For Medicines, spreading out a couple million dollars downtown could help them protect hundreds of millions from their top money-making drug.

Sales of Angiomax are projected to be $295 million this year in the United States, making up 98 percent of the company’s revenue, according to Jason Kantor, an analyst at RBC Capital Markets.

He said Wall Street has been closely monitoring the status of the legislation, adjusting valuations for Medicines stock based on its prospects.

“This is everything for them right now,” he said. “If we knew they had five more years of patent protection, people would assign a much higher value to the franchise, because, with the drugs they have in the pipeline, they’d be adding growth on top of growth.”

The patent expires in 2010. At that point, failing an extension, a generic drug maker could offer a cheap alternative, undercutting the value of the pill for Medicines — and substantially depressing its stock.
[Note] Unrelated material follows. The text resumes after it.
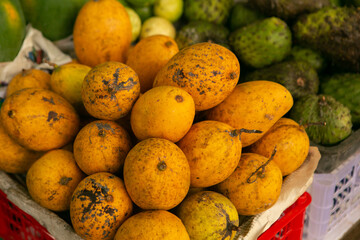 Fruits and vegetables at a local market in Sri lanka. Tropical or exotic fruits on the street in Asia.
At a House hearing on the bill last year, Generic Pharmaceutical Association president Kathleen Jaeger testified the bill would “benefit a single brand pharmaceutical company at significant expense to all Americans, as well as the generic pharmaceutical industry.” Of Medicines’ filing blunder, which occurred when the company thought it had two months instead of 60 days to file an extension, she said, “Mistakes have consequences.”

But so far this year, the measure has faced scant opposition. The generics lobby declined to comment for this article, referring questions to Jaeger’s testimony last year. Another Medicines’ lobbyist said “I have not seen any work going on their behalf, probably because they have other things going on.”

The generic drug industry is focusing its lobbying might on trying to protect the tools it uses in patent litigation against name-brand companies.